ProShares UCO Draws Trader Interest as USO’s 64% YTD Gain Undermined by Contango Drag
U.S. Oil Fund’s 64% year-to-date gain contrasts with just 39% return over the past decade due to contango roll losses, prompting traders to eye ProShares UCO for alternative oil exposure. Weekly Reddit sentiment on USO hits 85/100, with multiple threads debating USO versus UCO strategies.

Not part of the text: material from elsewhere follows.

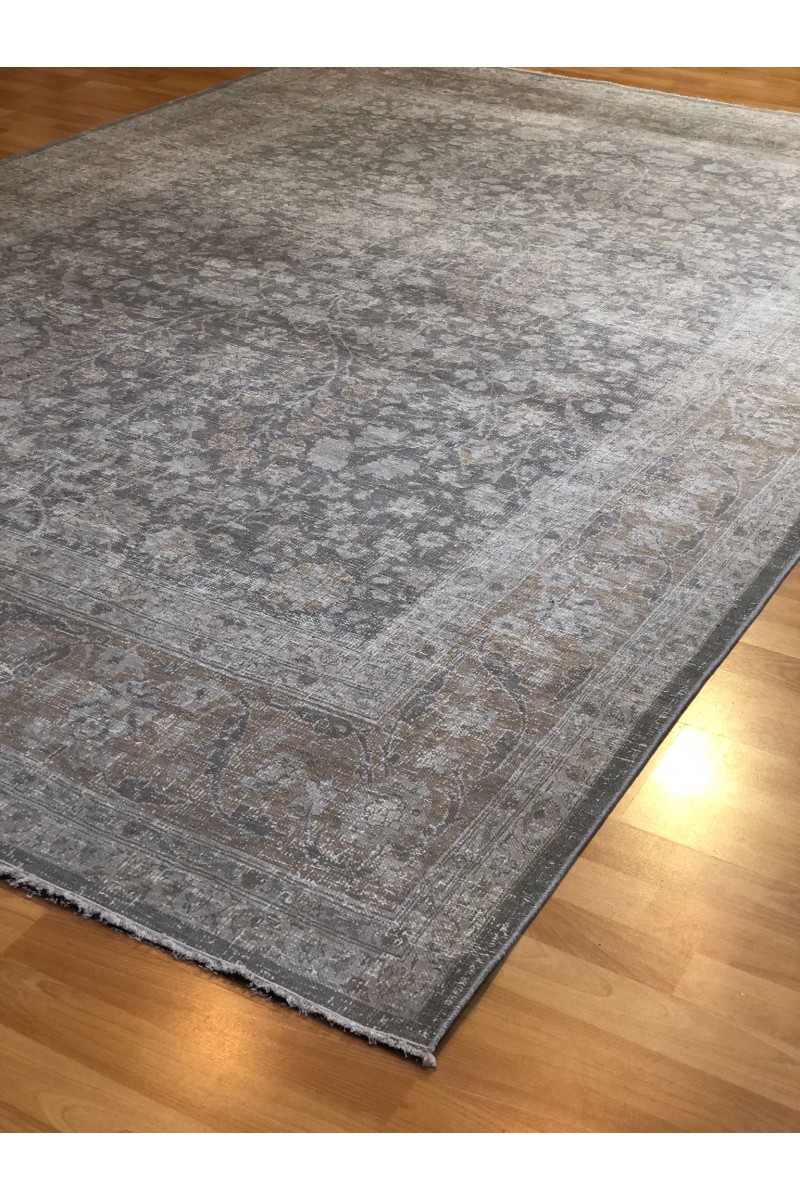 Makine Usak Halısı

1. Contango’s Impact on Futures-Based Funds
USO holds front-month WTI futures contracts and incurs guaranteed losses when rolling into higher-priced next-month contracts during contango, creating a growing gap between spot crude gains and fund returns. ProShares UCO similarly relies on futures rolls but seeks twice the daily move in crude, meaning contango drag can compound more sharply.
2. Trader Pivot to UCO
Retail traders are debating USO versus UCO on social forums, with weekly sentiment for USO at 85 out of 100 and specific threads highlighting UCO as a potential alternative play to capture oil price rallies. The ongoing supply-disruption narratives that lifted USO’s price have spurred interest in UCO’s leveraged structure.
3. UCO’s Structural Considerations
UCO carries a 0.6% annual expense ratio, but the true cost lies in negative roll yields during contango environments, which can shave several percentage points annually. Its 2x leverage amplifies both gains from short-term supply shocks and losses when futures curves invert or stabilize.